Pour les musulmans, il est interdit pendant le ramadan, qui s'étale sur 30 jours, de manger et de boire entre l'aube et le coucher du soleil. Contrairement à plusieurs fêtes religieuses, qui ont lieu à date fixe, le ramadan suit le rythme du calendrier musulman (lunaire). Le moment où il a lieu varie donc d'année en année. La fin du jeûne est habituellement soulignée par une grande fête, l'Aïd el-Fitr.

Au Québec, la Charte des droits et libertés de la personne stipule qu'un employeur (ou quiconque) ne peut imposer de conséquences négatives aux employés en raison de leur religion, race, langue ou orientation sexuelle, détaille Me Bussière. «Le ramadan fait partie de ces situations auxquelles l'obligation d'accommodement s'applique de façon particulière», affirme Me Bussière.

Éviter la discrimination

Pour bien comprendre l'obligation d'accommodement, aussi appelé accommodement raisonnable, il faut savoir qu'elle est née dans un contexte où «on a vu lentement se développer des comportements qui n'avaient pas comme intention de créer la discrimination, mais qui le faisaient, de façon indirecte», explique Me Bussière.

On peut penser aux commerces de détail qui ont commencé à ouvrir le week-end et qui employaient des personnes appartenant à des religions qui interdisaient le travail, par exemple, entre le lever et le coucher du soleil le samedi, journée du sabbat pour la communauté juive. «C'est dans des contextes comme celui-là que des tribunaux ont rappelé aux employeurs que lorsqu'on a une norme qui a un effet négatif sur des groupes de gens protégés par la Charte, on doit essayer d'accommoder leurs besoins jusqu'à ce qu'on appelle la contrainte excessive», ajoute l'avocate.

Du cas par cas

Suivre les préceptes du ramadan, notamment lorsqu'il se déroule en plein été, alors que les heures d'ensoleillement sont longues, peut causer des problèmes de rendement ou d'absentéisme. «On peut penser à un employé qui sera moins efficace que d'habitude dans son travail ou qui va s'absenter plus fréquemment», donne Me Bussière en exemple.

Comment réagir en tant qu'employeur? D'abord, en examinant la situation et en la remettant dans son contexte, plutôt que de réagir comme on le ferait dans une situation normale: «Quand un employeur sait qu'il a des employés de religion musulmane et qu'il constate des problèmes au niveau du rendement ou des comportements qui ne sont pas habituels, il ne peut pas faire preuve d'aveuglement volontaire. Il doit prendre le ramadan en considération», explique Nathalie Bussière.

Devant de telles situations, la jurisprudence tend désormais à demander à l'employeur d'être un peu plus proactif dans la recherche de solutions, comme modifier les tâches ou l'horaire de travail, note Me Bussière. «Mais il ne faut pas que ce soit une punition», avertit-elle.

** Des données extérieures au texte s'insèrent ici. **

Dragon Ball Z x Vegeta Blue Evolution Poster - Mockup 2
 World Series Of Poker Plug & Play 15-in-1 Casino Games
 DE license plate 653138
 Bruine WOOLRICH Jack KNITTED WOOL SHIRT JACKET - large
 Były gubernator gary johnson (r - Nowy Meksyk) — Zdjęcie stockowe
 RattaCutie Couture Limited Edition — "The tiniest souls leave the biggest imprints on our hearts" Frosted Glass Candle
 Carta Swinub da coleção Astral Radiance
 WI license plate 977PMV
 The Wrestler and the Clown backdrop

À quel moment la contrainte devient-elle excessive? On ne peut généraliser, selon l'avocate. «La limite est difficile à décrire, car elle varie selon les situations et les employeurs. Par exemple, un employeur qui a des ressources importantes aura un seuil plus élevé au niveau de la contrainte excessive qu'une petite entreprise qui a peu d'employés. Il faut aussi voir les impacts sur les autres employés, dans les cas où il y a du travail d'équipe, et ne pas oublier non plus l'aspect santé et sécurité au travail», conclut-elle.